*** Opening of PROVIDED ENTRIES ***

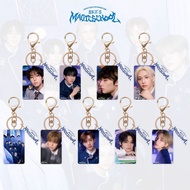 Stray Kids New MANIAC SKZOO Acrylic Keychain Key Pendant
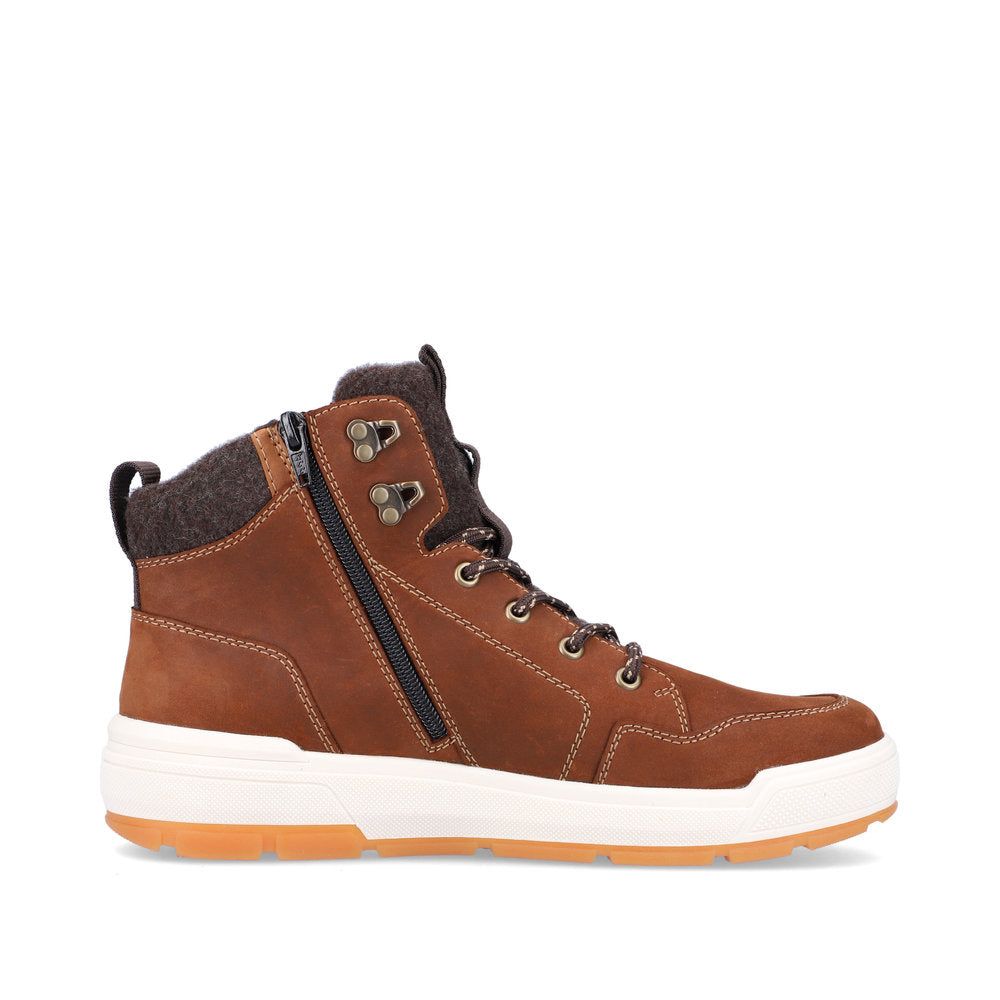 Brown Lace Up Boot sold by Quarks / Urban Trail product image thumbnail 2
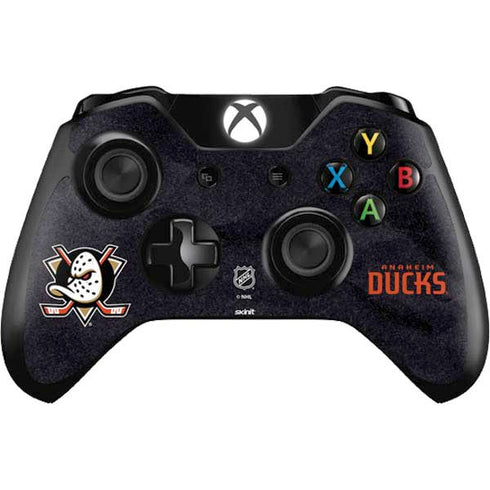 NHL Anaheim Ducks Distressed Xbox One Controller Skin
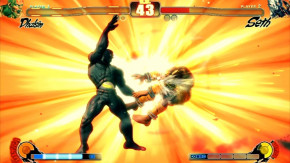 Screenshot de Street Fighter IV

*** Close of PROVIDED ENTRIES ***
*** Opening of PROVIDED ENTRIES ***

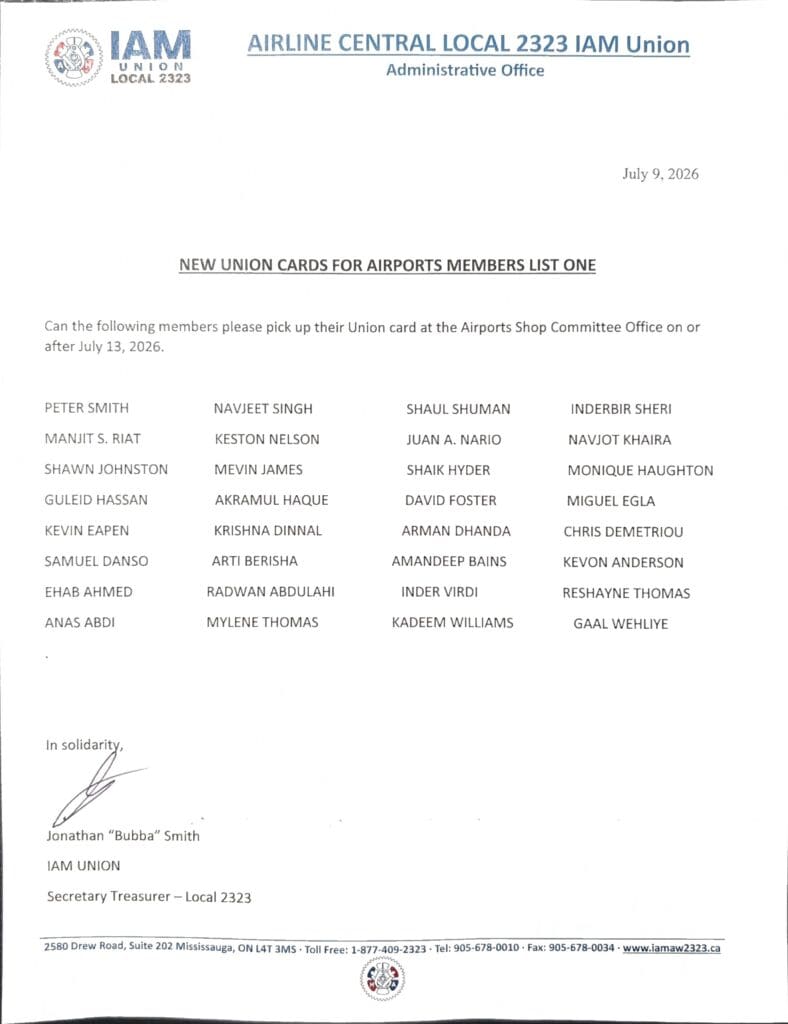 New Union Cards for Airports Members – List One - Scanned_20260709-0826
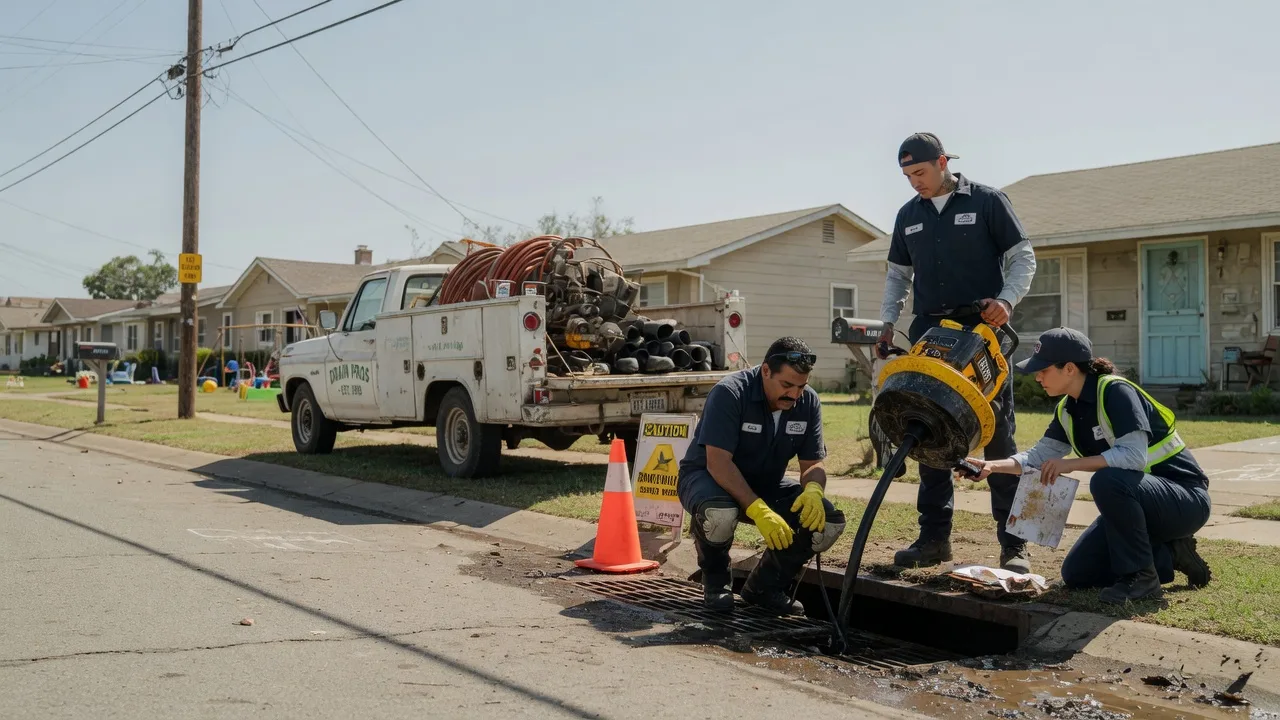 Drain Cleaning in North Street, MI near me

*** Close of PROVIDED ENTRIES ***
*** Opening of PROVIDED ENTRIES ***

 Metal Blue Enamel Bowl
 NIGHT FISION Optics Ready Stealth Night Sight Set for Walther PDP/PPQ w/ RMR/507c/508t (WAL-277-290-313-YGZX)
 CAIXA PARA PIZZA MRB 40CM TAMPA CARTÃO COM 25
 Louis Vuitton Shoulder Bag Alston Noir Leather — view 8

*** Close of PROVIDED ENTRIES ***

Starting at the line above that holds "Metal Blue Enamel Bowl" and ending at the line that holds "Louis Vuitton Shoulder", transcribe each line exactly and include no other lines.

ANSWER TO THIS EXERCISE —
 Metal Blue Enamel Bowl
 NIGHT FISION Optics Ready Stealth Night Sight Set for Walther PDP/PPQ w/ RMR/507c/508t (WAL-277-290-313-YGZX)
 CAIXA PARA PIZZA MRB 40CM TAMPA CARTÃO COM 25
 Louis Vuitton Shoulder Bag Alston Noir Leather — view 8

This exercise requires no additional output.